The RHS website has a 90 second instruction video on summer pruning of wisteria.  The magic number is five – snip the whippy bit five shoots along from the woody bit.  For winter pruning, it’s two.  And then, lo and behold, in spring, the house will be spectacularly decorated in cascades of mauve flowers.  It seems like a big job but it gets done and there’s pleasure in the intimacy – the Mr Whippys filling the bin and the revelation of the wisteria’s own patterns of being.  There’s a house in a neighbouring street that’s virtually disappeared under a vast nest of unpruned wisteria and I imagine its inhabitant surrounded by whippy stems intruding into every room.

The garden here is too big for me. I can’t really manage it and it’s a bit out of control. That feels like a  lesson though.

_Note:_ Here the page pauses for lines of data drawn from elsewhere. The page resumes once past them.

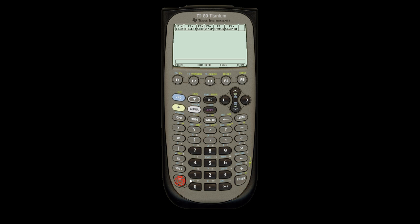Sometimes finding a common denominator in a complex calculus or algebra equation is really not fun. If you go to the algebra menu on F2, you can see that there's a common denominator option in option 6.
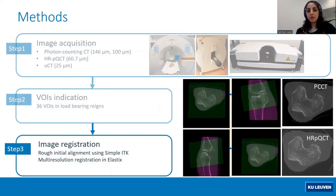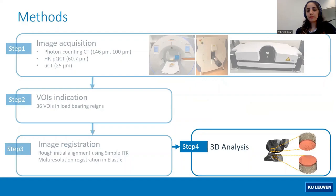To get the identical locations for the VOIs on these three different image modalities, we performed image registration. Here you can see an overlay of photon counting CT and HRPQCT on top of each other after the registration. And then we performed the 3D analysis.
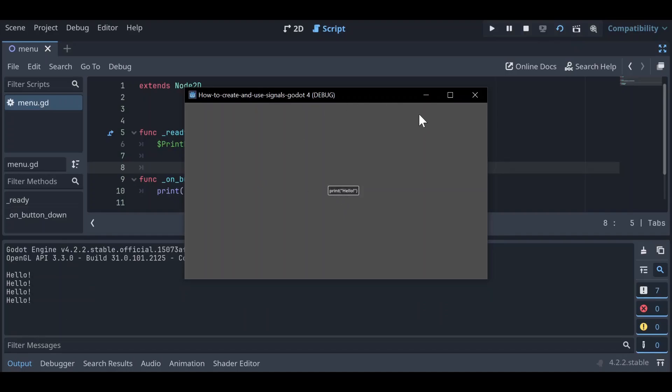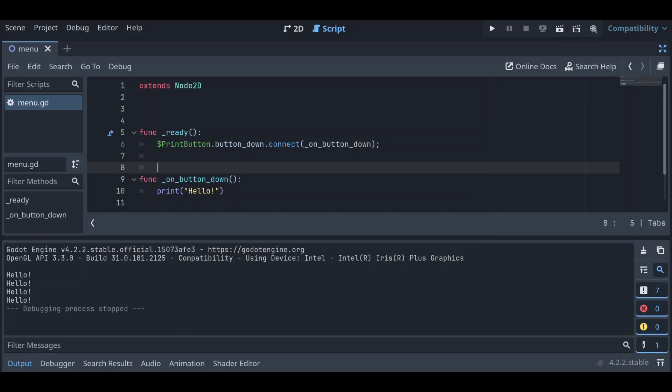This achieves the exact same functionality as done through the UI, but the programmatic approach gives you the added control of being able to look inside your _ready function and easily see all of the signal connections in one place. There's no specific best way to do this — those are just two different ways to connect a signal.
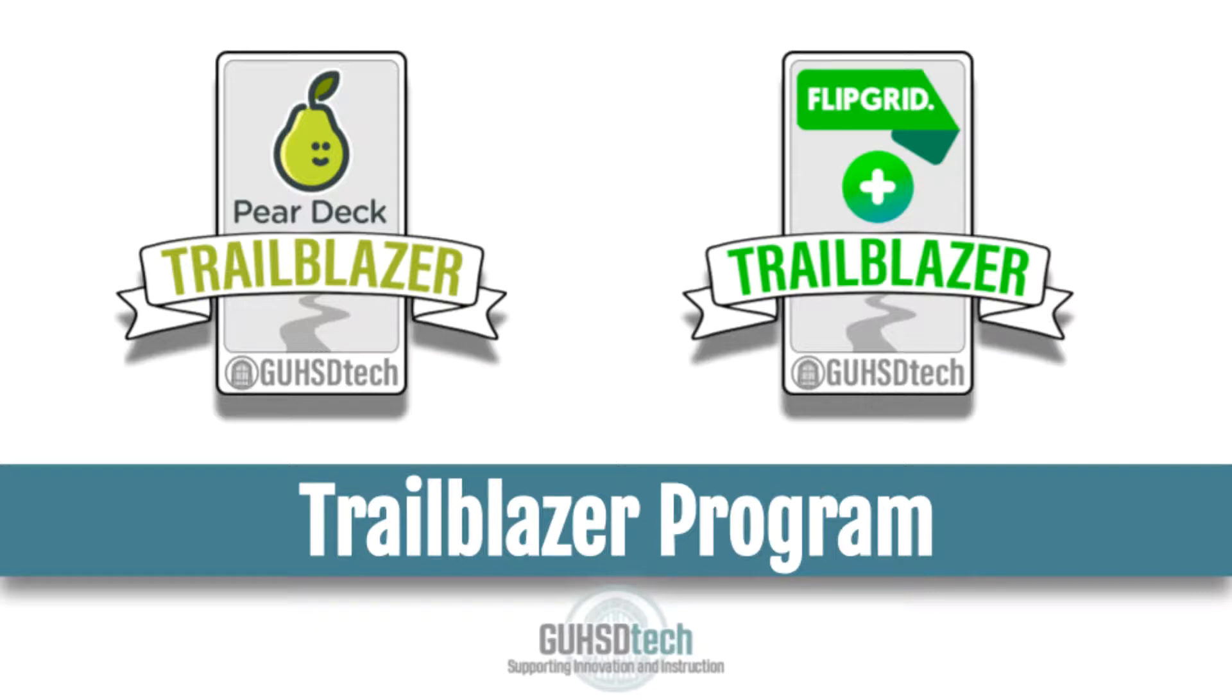Welcome to Grossmont Union High School District's Trailblazer program. This blended learning professional development opportunity is intended to provide you with a robust overview of the features and functions of your Trailblazer tool. To demonstrate your learning, you will be asked to apply your new knowledge in a variety of ways.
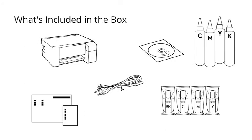In the box, you will find a printer, a power cable, a driver, a manual, four filling bottles, and a set of cool sublimation ink.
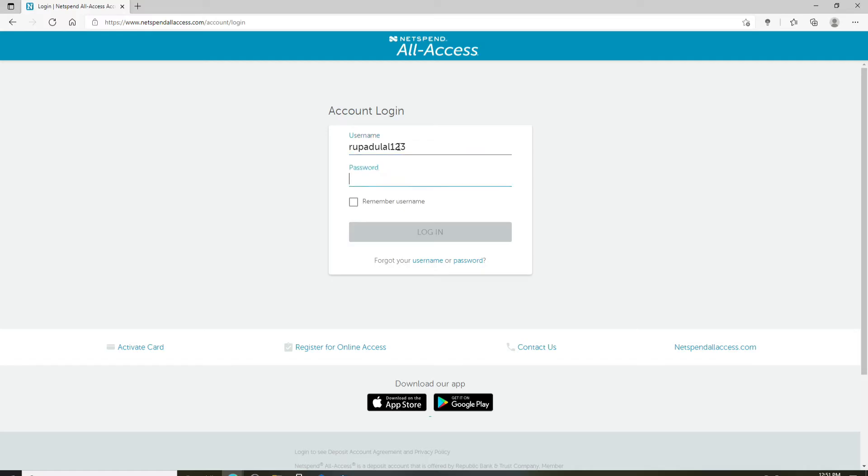Move on to the next field and type in the password for your account. Remember to type in the correct password so that you can log in without any problems.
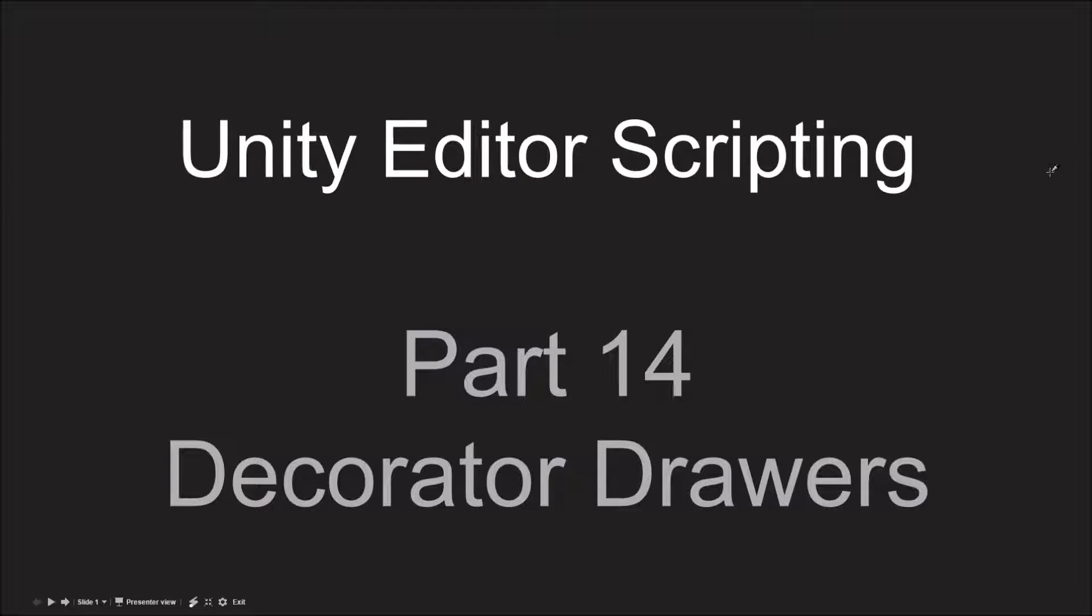Hello everyone. In the last video of my video tutorial series on Unity Editor Scripting, I am going to talk about Decorator Drawers.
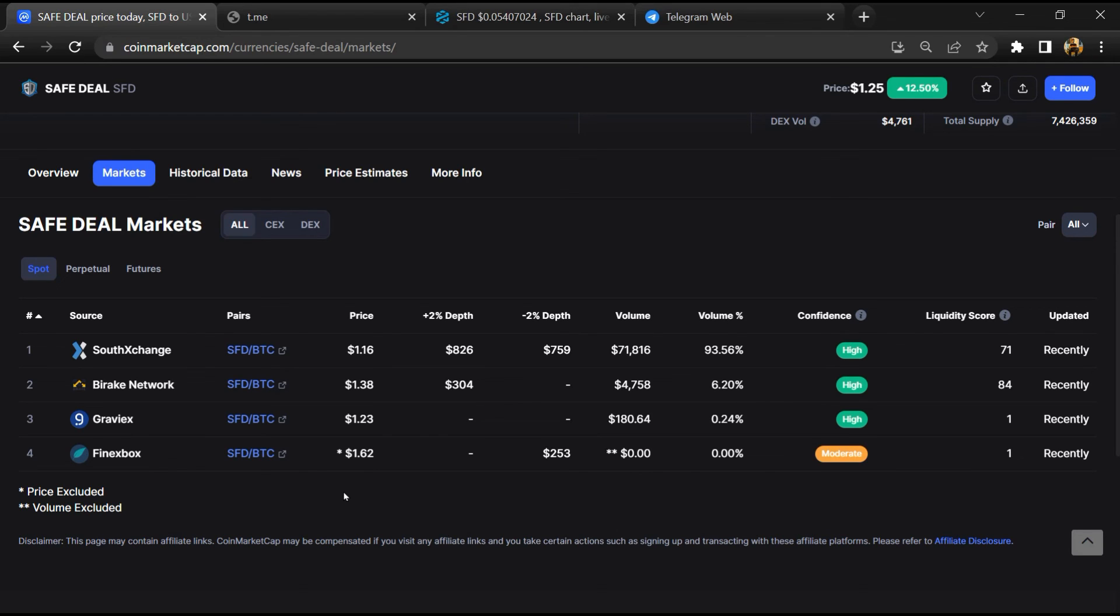If I share my opinion with you, this token has 70% chances that it is a legit or genuine token. Thanks for watching.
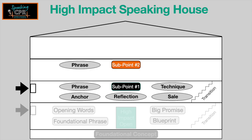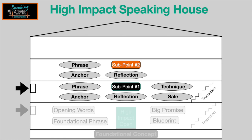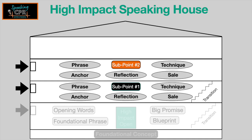P — what's the phrase? What's the anchor? How will you drive this deeper into the audience so they don't just hear about it, they experience it? One way to do that is through the R, the reflection — the question that helps them think about the implication of this point to their lives. What is your technique? T. And S — how do you sell the importance or value of this point to the listener?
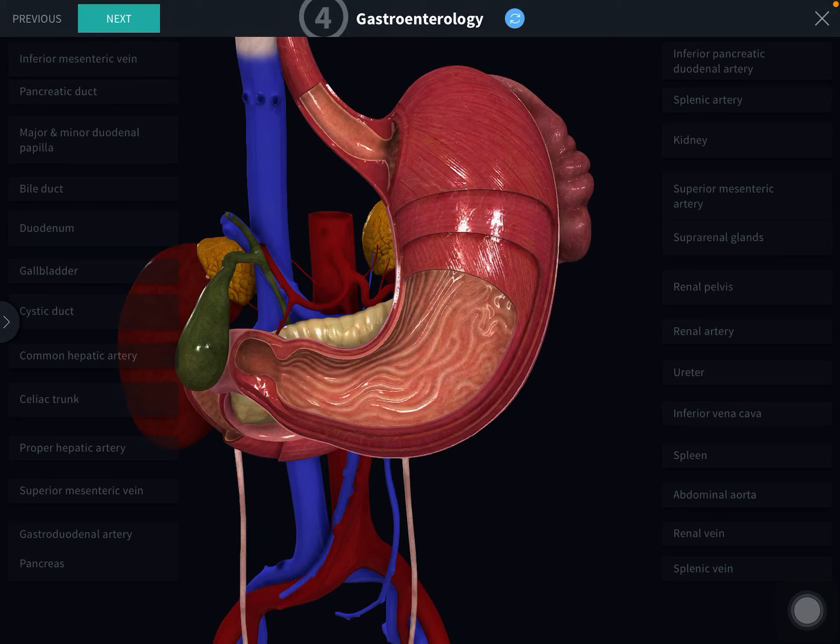Hello everyone, welcome back to the channel. In this class we will see the gross anatomy of the pancreas, mainly the relations of the pancreas.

The word ‘management’ is everywhere which suggests to me that it is a kind of global fantasy as ultimately, there’s very little in life that can be ‘managed’.  It’s a fairly recent word in the language, coming from the Italian and the word for the control of horses, related to ‘manus’ for hand.

Gardening seems to be a big metaphor for ideas of management and control, and the converse: surrendering both in favour of the pleasures of manual labour, ‘manus’ again, and the wonder that comes from intimate engagement.  Mary Oliver’s poem The Summer Day is wonderful at conveying that astonishment.  And you can be busy and blessed too.

Heaven is indeed in the flowers –  look at the roses. This rose, I mean. The one growing behind some fennel that is sending up umbels of little yellow stars. I even have a grudging admiration for what I think is a kind of berberis that has, whilst I haven’t been looking, crept all over the wall, putting down tenacious roots.

Mary Oliver’s poem is similarly invasive – Google returns 13.6 million results.  One characteristic though of a ‘good’ poem for poetry therapy, is that it is possible to keep coming back to it, in different seasons, from different perspectives. Poetry Therapy, like gardening, is iterative.  Just like Saturdays, working in the garden, neighbours going down the hill and up the hill, the same but different, talking about the weather then hurrying to catch the post as they’ve probably been doing for the fifty years since this house was built.

2 Comments

  1. Ann Hazinedar August 3, 2014 at 7:40 am

    Hi Kathleen – here are some thoughts on gardening. A x

  2. 6vicky7 August 4, 2014 at 12:19 pm

    I think I’d call it un-gardening!